Producer/co-writer Lionel Wigram
So, okay, they have a loose basis for turning Holmes into a bohemian. Slide into the role the newly healthy and incredibly buff Robert Downey, Jr., you have the potential for a decent film. For what it is, the acting is pretty good. Jude Law is a decent Watson, if perhaps a little bit too tough. Rachel McAdams provides the perfect type of girl that Holmes would be drawn to. Someone so clever and mysterious, she might even be smarter than he is. Strong, aside from his character’s circumstances, seems to just exist to look like Andy Garcia.
The story moves along at a relatively brisk pace, stopping occasionally to let you know what you just saw, but supposedly did not register, minutes before.

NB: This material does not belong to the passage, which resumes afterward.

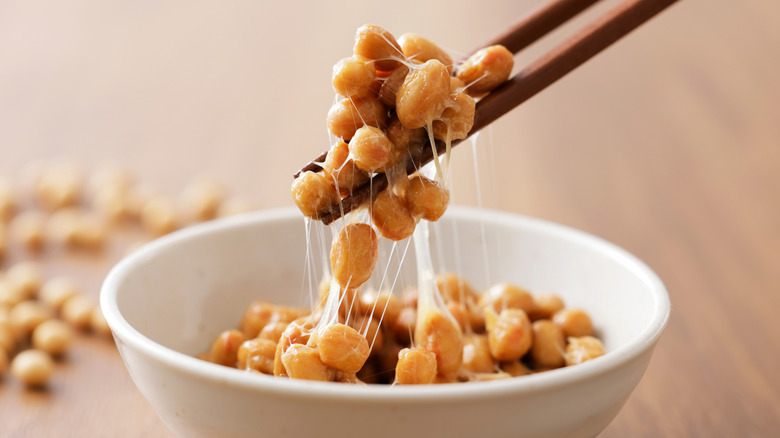 A person moving nattō using chopsticks.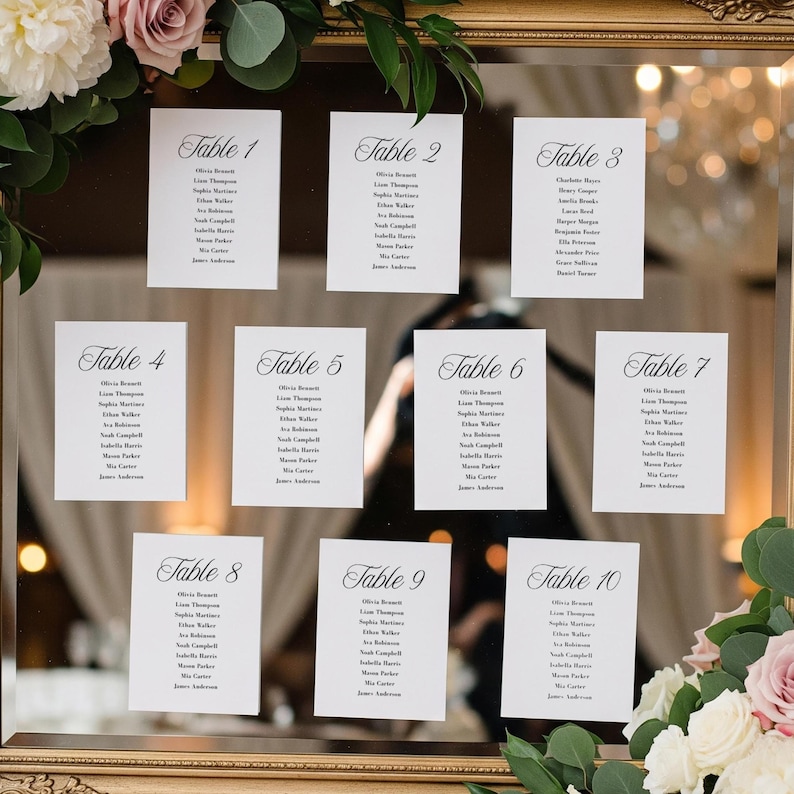 May include: A gold framed mirror displays ten white cards, each labeled with a table number and guest names in elegant script. Floral arrangements of pink and white roses and greenery frame the mirror, creating a wedding theme.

I understand that the device is a tribute to the books, but it works only for the severely attention deprived in the movie.
The mystery is passable, but again, we find a literary technique that works better in the written form than in the movie. For each mystery is simply ignored until the next fight scene during which, in which the combatants describe what is to them obvious, but to us, by now, a flashback. It makes one more a passive viewer than an active participant.
The movie is most thrown out of balance by the special effects. I never thought of Sherlock Holmes as a playground for the crew that made Attack of the Clones. Indeed, the city of London is immersed in shimmering silver when they are outside, and dreary, sweaty brown inside. This always threw me out of the mood in a way that Gladiator could not even approach. Never in any exterior shot did I ever feel like I was looking at anything more than a blue screen. One wishes that the special effects “wizards” could resist the temptation to make things look so friggin dreamy.
That said, this movie is worth an evening at home, and you can be thankful you did not spend $40 at the theater. Go see Iron Man 2 again, instead.